DIRECTIONS FOR THIS TASK -
Pictures aside, reproduce exactly and only the lines below, starting at the one containing "linfócitos esparsos e células" and ending at the last line.

PROVIDED RECORDS -
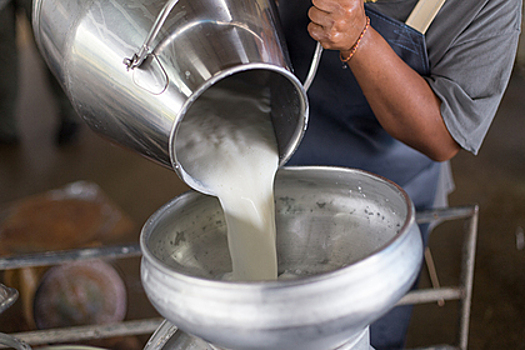 В Великобритании предсказали значительный рост мировых цен на молоко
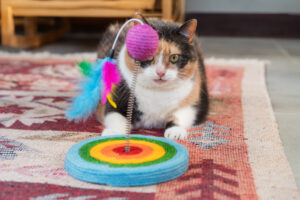 gato tricolor brincando com brinquedo colorido 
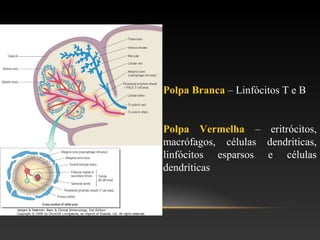 Polpa Branca – Linfócitos T e B
Polpa Vermelha – eritrócitos,
macrófagos, células dendriticas,
linfócitos esparsos e células
dendríticas
 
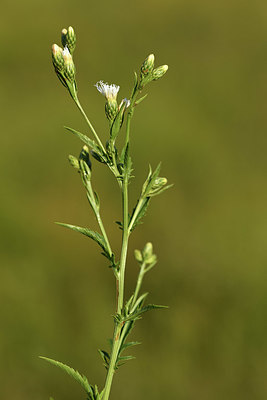BUITEN BEELD Foto: 415172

TASK RESULT -
linfócitos esparsos e células
dendríticas
 
BUITEN BEELD Foto: 415172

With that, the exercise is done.